Catherine Ludwig is concerned with critiquing the global phenomenon of the collective leisure time activity associated with mass tourism. She is showing multimedia works (paper cuts, manipulated photos, cartographic and diagrammatic depictions) from the work groups On the Swiss trail of Thomas Cook’s “Internationale Pauschalreisen”: 1863–2019 and SCHNEE VON GESTERN? In the latter, she examines ski tourism and the effect it has had: the increasing domestication of what was often an untouched mountain landscape. Her research as an artist not only allows insight into the destructive potential of human predatory exploitation, but also into interpersonal relationships – “We are all tourists. And every proper tourist dislikes other tourists” (Ilija Trojanow) – , political linkages and the underlying power structures in various times and places.

The video work, Alma Mater, by the artist duo P L A T E AU  R E S I D U E,  is concerned with the consequences of global warming as it affects the ice cave in Kunč on the Kočevski mountain plateau in Slovenia. Over the last ten years, the mild winters with little snow and hot summers have shrunk the permanent ice in this particularly low-lying cave by a metre. The video documents the art work in the cave. The artists formed an ice lens and recorded the interior of the cave using it. The absurdity of the situation is that the disappearing object (the ice sheet) is being captured by the same material (ice lens) that is simultaneously disappearing. At the end, the ice lens has completely melted.

The photo series, Impermanent Sculptures (of Indestructible Objects) by Bärbel Praun is part of the artist’s current work in which she engages with the problematic issues of refuse, consumerism and environmental pollution in various mediums. The work will be realised as a floor installation with blocks comprising prints that are free for the taking. While walking and hiking she collects discarded material found in nature and makes temporary sculptures out of it within a tight time frame. This instant between balance and fragility is captured in a photograph. The title refers to the ephemeral aspect of the sculptures as well as to the inordinate length of time required for the material to decompose. To a large extent, this can be ascribed to our irresponsible consumer behaviours.
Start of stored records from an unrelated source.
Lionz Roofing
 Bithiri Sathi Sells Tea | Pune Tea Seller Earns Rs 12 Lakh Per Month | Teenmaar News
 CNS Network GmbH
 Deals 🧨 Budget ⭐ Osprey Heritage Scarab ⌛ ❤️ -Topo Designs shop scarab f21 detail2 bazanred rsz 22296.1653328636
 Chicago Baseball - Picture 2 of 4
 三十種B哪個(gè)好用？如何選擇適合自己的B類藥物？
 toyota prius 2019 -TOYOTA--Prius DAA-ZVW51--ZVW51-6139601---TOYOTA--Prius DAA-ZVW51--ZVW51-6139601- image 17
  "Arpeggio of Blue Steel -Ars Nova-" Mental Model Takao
Sebastian Reis is showing an installation consisting of two large format tableaus with barite prints (Glashaus and Baustelle) and plaster objects (Erdmodelle). These are based on his examination of humans’ attempts to redesign nature in a way that makes it useful. For Erdmodelle he dug holes in the ground in the form of the globe using his hands and then took a plaster cast of them. This plays with the notion of God as an artist who creates the world as well as the conception of the artist as a creative being. The black & white photographs installed behind the objects are from a continuing series which also deals with human intervention in nature. In addition to the aspects critiquing ecology, Reis is also concerned with issues relating to the origins of images and objects and their representation as influenced by cultural assumptions.

The black & white sand photograms from the series, Dune Reconstructions and the book installation, Grain Provocation, are part of the work group PARNIDIS GRAIN STUDIES. In it, Claudia Rohrauer combines a site-specific approach – the exploration of the Parnidis Dunes on the Curonian Spit in Lithuania – with photographic questions such as granularity, resolution and sensitivity. This convergence with the landscape takes place when she establishes the equivalence of the grain of sand as the basic component of a dune and the grain of silver that forms the basis of analogue photography. The darkroom intensifies the level of abstraction between the barite print, Grain Provocation, and the sand photogram, Dune Reconstructions, since the latter shows the grains of sand on a 1:1 scale on the paper. The abstract depictions created here oscillate between natural science and poetics.